Recalling the moment, Hatcher admitted that she did not remember, “the address of where it happened. How I got there. How I got home. What day or month it was. If anyone was drinking beer.”
“Sadly, myself and then decades later, teenager Sarah Van Cleemput, were abused by the same man. She committed suicide,” Hatcher wrote. “I battled demons.”
Her detailed account comes a week after Christine Blasey Ford — a 51-year-old research psychologist and professor at Palo Alto University — testified at a Senate hearing about her claims that Supreme Court nominee Brett Kavanaugh sexually assaulted her at a high school party in the 1980s. During the hearing, Ford couldn’t recall some details about the alleged sexual assault, including how she got home.
Kavanaugh, 53, has adamantly denied the allegation, and the FBI wrapped up an investigation on the claims Thursday. The FBI report on sexual assault allegations against Kavanaugh was delivered to the Senate Judiciary Committee at 2:30 a.m. on Thursday, CNN reported. Senators will take a procedural vote Friday and could hold the final vote Saturday.
“Mr. President, I am a survivor, who stands available to help you understand the way the memories of a trauma like that work. It might be hard for you to understand.

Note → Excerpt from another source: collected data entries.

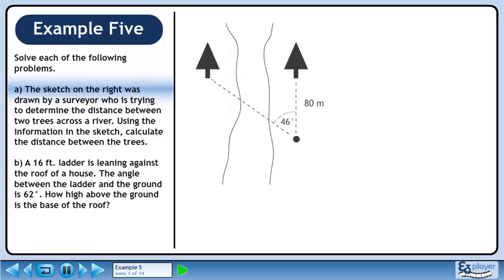The sketch on the right was drawn by a surveyor who was trying to determine the distance between two trees across the river. Using the information in the sketch, calculate the distance between the two trees.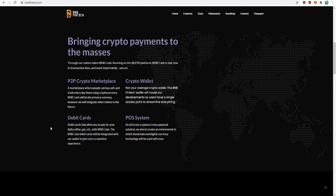We will be receiving debit cards that allow us to use your BNB Cash to pay for your daily needs in the real world such as coffee, food, gas, you name it. The BNB Cash debit cards will be integrated with our wallet to give users a seamless experience. I'll definitely be getting myself one of these debit cards. I would love to use my crypto as a real world payment method.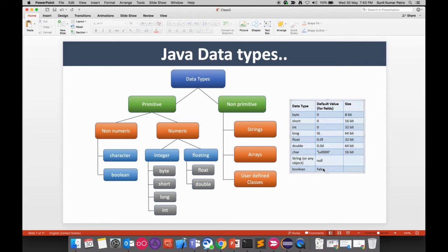All primitive data types can hold a single value at one time. Non-primitive types are collections of primitive data types — for example, string holds a combination of characters, array holds a collection of integers, characters, or strings, and user-defined classes are a more advanced concept we'll cover when we reach object-oriented programming.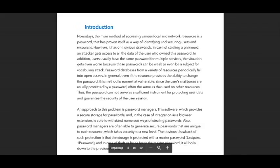In case of stealing a password, an attacker gets access to all the data of the user who owned this password. In addition, users usually have the same password for multiple resources. The situation gets even worse because these passwords can be weak or even be subject to a dictionary attack. Password databases from a variety of resources periodically fall into open access. Even if the resource provides the ability to change the password, this method is somewhat vulnerable, since the user's mailboxes are usually protected by a password — often the same as that used on other resources.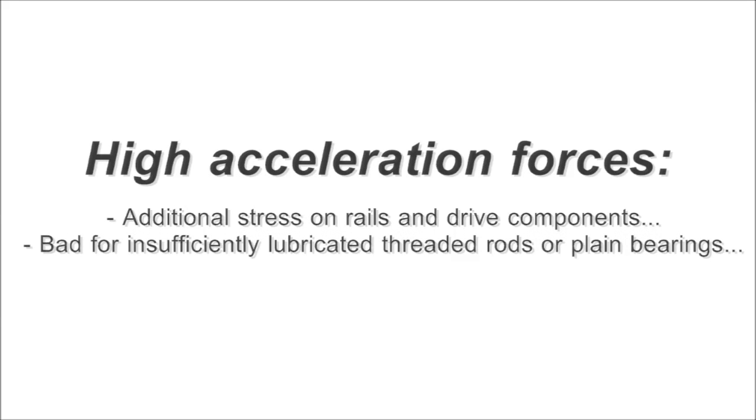The loops create high acceleration forces and cause additional stress on guide rails and drive components. Usually no big deal for well-lubricated ball screws or timing belts, but threaded rods and plain bearings can get pretty hot and quickly damaged.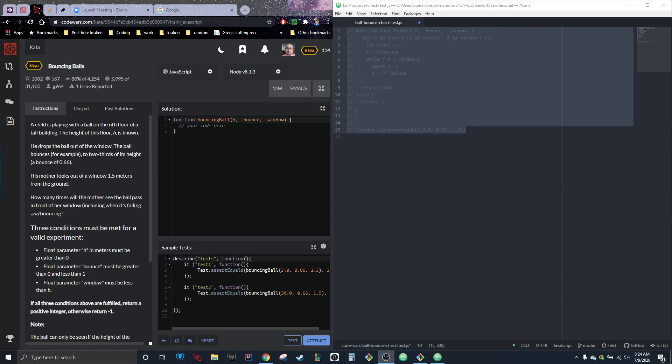Hey guys, we're back with another exciting coding video. It's actually the morning for me today, which is a first. So much better doing these videos in the morning than after eight hours of class and a couple hours of studying and challenges. So much more invigorated. Alright, so here we are on CodeWars again and we are doing the bouncing balls problem.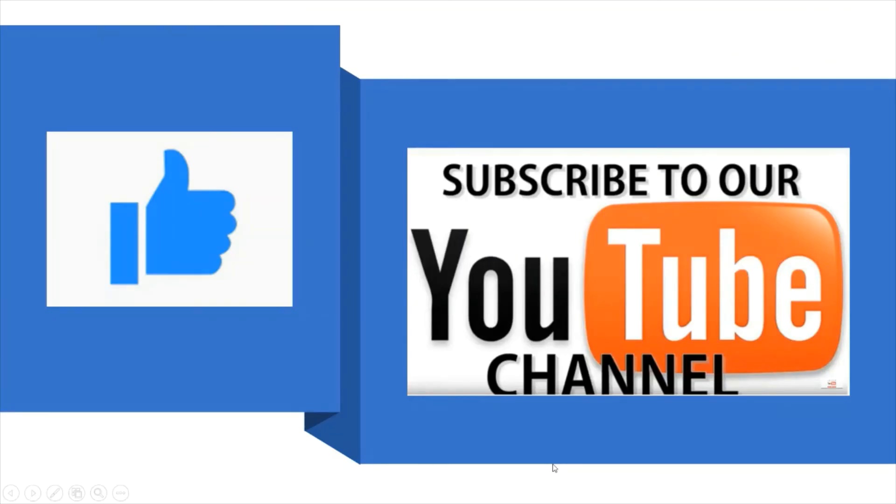If you like this video please give me a thumbs up and please do subscribe for more videos.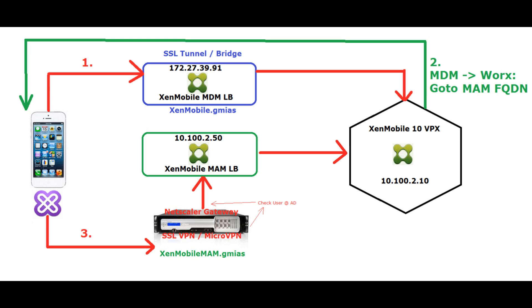What have we done? What's happening when I'm connecting? First of all, my mobile device with WORX goes and contacts XenMobile.gmiers, which is my lab fully qualified domain name to contact mobile device management. This is then an SSL bridge, also known as SSL tunnel, which is sent to the back to our XenMobile 10 virtual appliance. This virtual appliance then tells in the second step, which you can see green on the right top, to our WORX software on the mobile device. Now please go to mobile application management. This is the fully qualified domain name.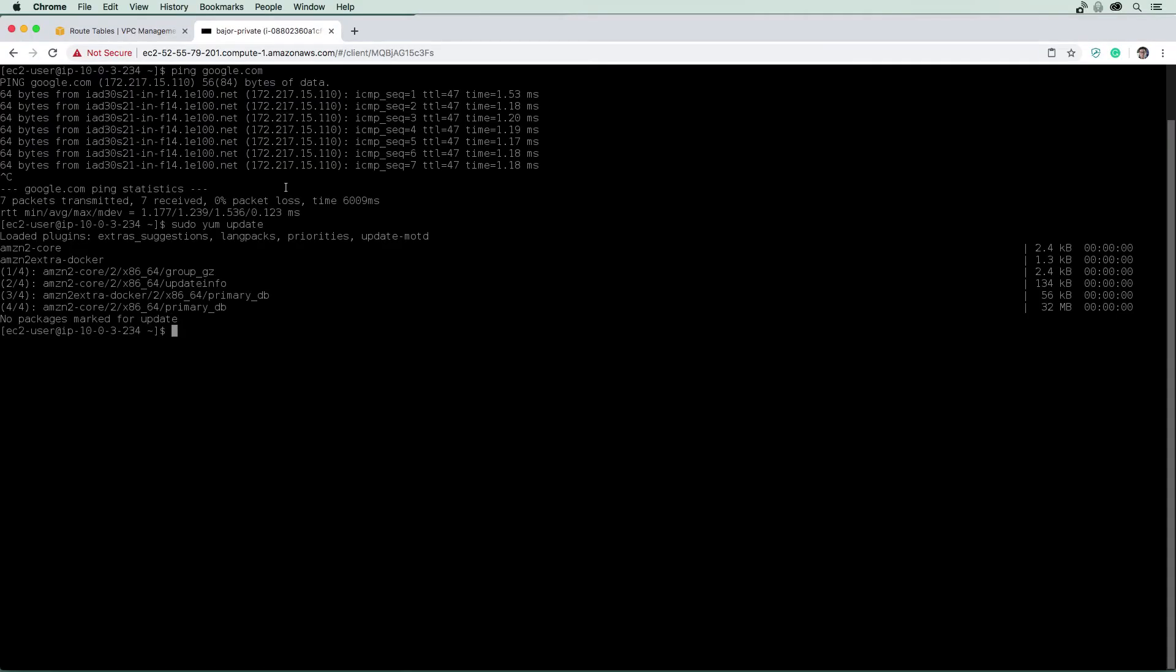So now that we've seen how we get an outbound connection to the internet, let's talk about how we could access other AWS services via our private EC2 instance here.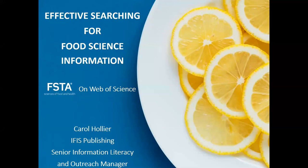Hello everyone and welcome to our webinar on how to use FSTA on Web of Science. Our presenter today is Carol Hollier, Information Literacy and Outreach Manager at IFIS Publishing. Carol joined the IFIS team in September last year and has had over 10 years experience as an instruction librarian at universities in the UK and the US.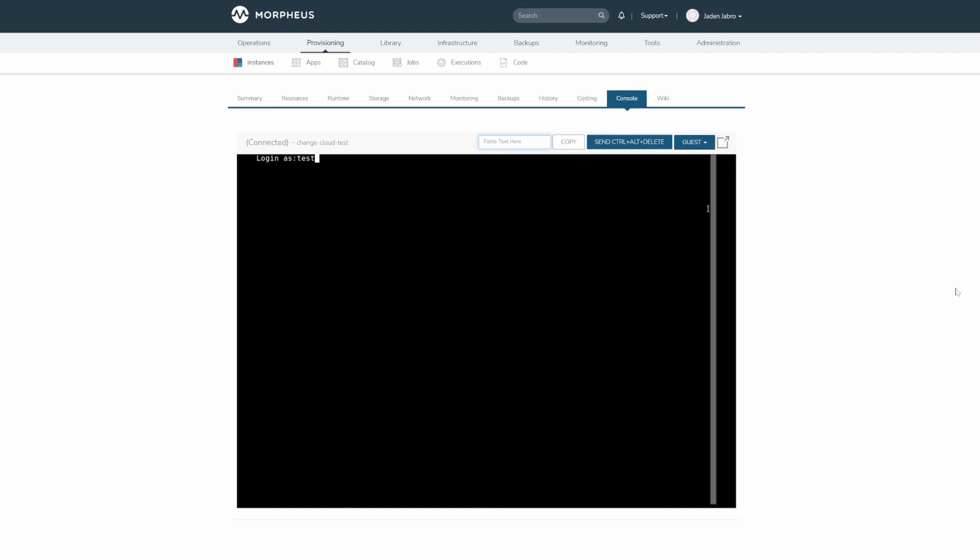To paste text into the console, make sure you have the text copied to your clipboard. Next, right click the paste text here text box, click paste, and then right click on the console.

I can readily explain in detail that ‘I don’t remember’ is often the most honest response surrounding questions of an assault,” Hatcher continued in her post.
“It does NOT mean it didn’t happen. Please do not add ‘Mocked by President’ to the injury list of a sexual survivor,” she wrote. “It’s just plain wrong.”
In 2006, Hatcher revealed that she was sexually abused by an uncle — something that had haunted the actress for 35 years.
In an interview with Vanity Fair magazine, Hatcher described how she carried her horrible secret with her until the 2002 suicide of a 14-year-old girl who also was molested by the uncle, Richard Hayes Stone, Reuters reported.
Afraid that her uncle might avoid prosecution, Hatcher recounted how she found out about the case in newspaper stories and was “blown over by this girl’s pain,” the actress said. “I thought, ‘Boy, that’s really close to being me.’ ”
Santa Clara, California, Deputy District Attorney Chuck Gillingham said it was Hatcher’s testimony that eventually led to a guilty plea from Stone and a 14-year prison sentence.
“Without Teri, this case would have been dismissed,” Gillingham told Vanity Fair.
Hatcher said that she kept the abuse, which took place when she was 5, a secret from everyone, including her parents. She last saw Stone when she was 8 or 9 years old.
“That’s a victim thing; you ask yourself, ‘Am I just crazy? Did I make all this up?’ Somehow it might be easier to accept that you’re crazy and made it all up than to admit that it happened, and how awful it was,” she said.